The UK’s first Legal Innovation Centre, on the model of the Legal Design Lab at Stanford in the US, was officially opened in Belfast on Tuesday night. An audience of over 200 assembled to welcome its opening at Ulster University. The centre is a collaboration between the Schools of Law and Computing and Intelligent Systems, two of whose senior staff – respectively Dr Eugene McNamee and Dr Kevin Curran – are its executive directors. The director of the centre itself is Dr Catrina Denvir, once of the Legal Services Commission’s Legal Services Research Centre at a time when legal policy-making in England and Wales valued an independent academic element.
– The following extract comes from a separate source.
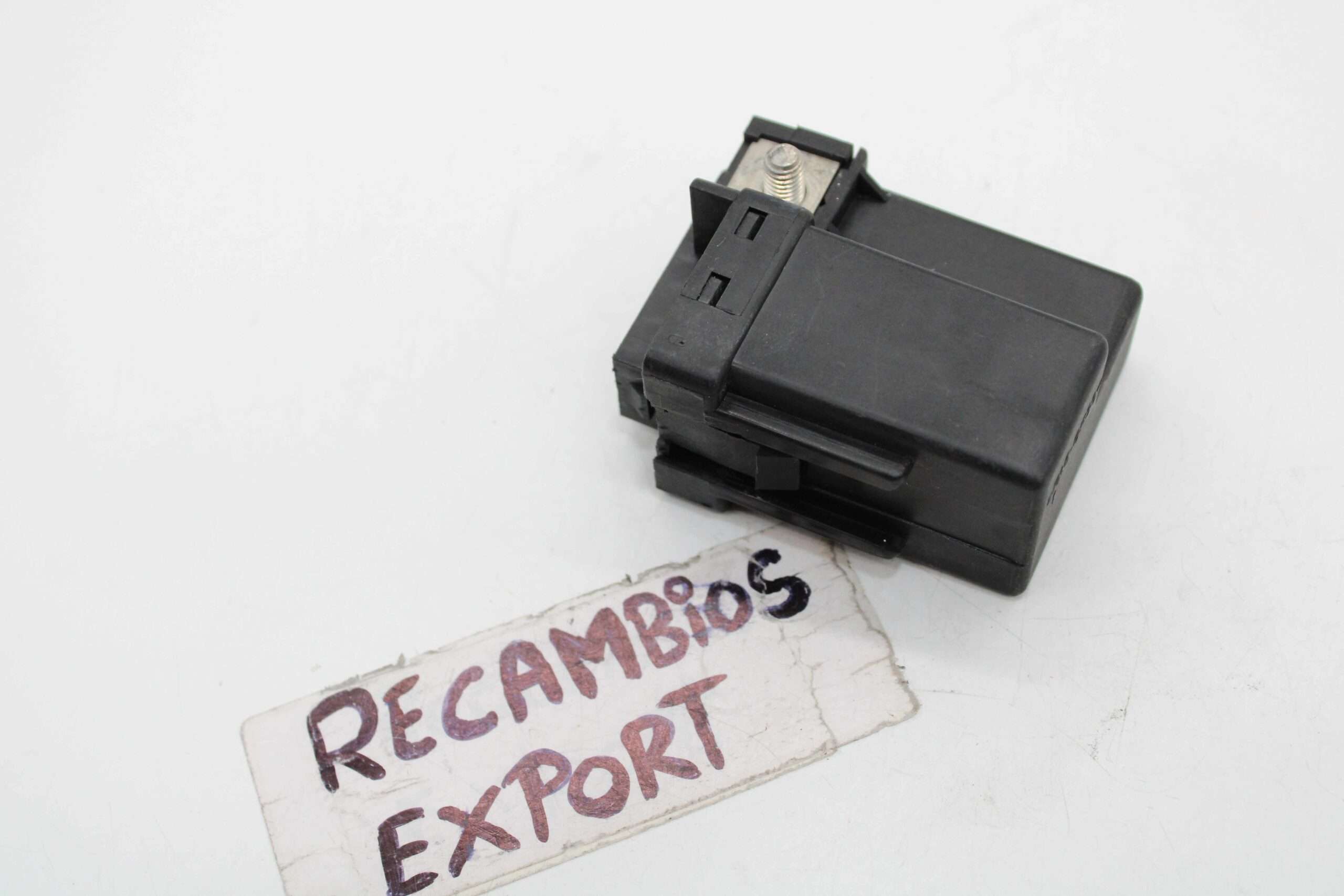 Caja de Precalentamiento BMW Rover - foto 3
Ulster University is the brash new educational provider on the Belfast block – effortlessly differentiating itself from the venerable image that attaches to its much older and more establishment neighbour – Queen’s. It is investing over £250m in a new city centre campus that is reviving a once rundown area of the inner city near St Anne’s Cathedral and Belfast’s law centre – whose staff now get access to a previously inconceivable range of upmarket coffee bars (I recommend Established in Hill Street or Clement’s in Royal Avenue). The centre is the result of some smart fundraising and has received the backing of two of the large firms that have offshored departments to Belfast – London-based Allen and Overy and US giant Baker McKenzie. Andrew Bremmer from the former and Jason Marty of the latter reported their hopes for the centre at the meeting. Mr Marty stressed the mutual benefits. Courses would be available for his staff and the centre’s remit over for profit and not for profit would be relevant to the mixed work of his firm.
The centre’s capacity to assist with training for the large departments outhoused to Belfast is part of its attraction, both for its funders and students. A six week course on Legal Technology and Innovation started in January running for three hours on Thursday evenings – compatible with working hours. It is designed to:
elaborate on the changing face of the legal profession due to the influence of new technologies, give a grounding in basic concepts and technologies, investigate the opportunities and risks of the changing dynamics of law due to increasingly sophisticated informatic systems, and look to the future face of law as a result of these changes. The course will be designed to foster core practical competence in the areas under study, with a view to encouraging professional specialisation, as well as feeding and directing intellectual interest.
Under consideration are ways of incorporating technology into the university’s degree course and the possibility of developing specific qualifications in legal technology. A module on technology has already been developed for the university’s masters in law.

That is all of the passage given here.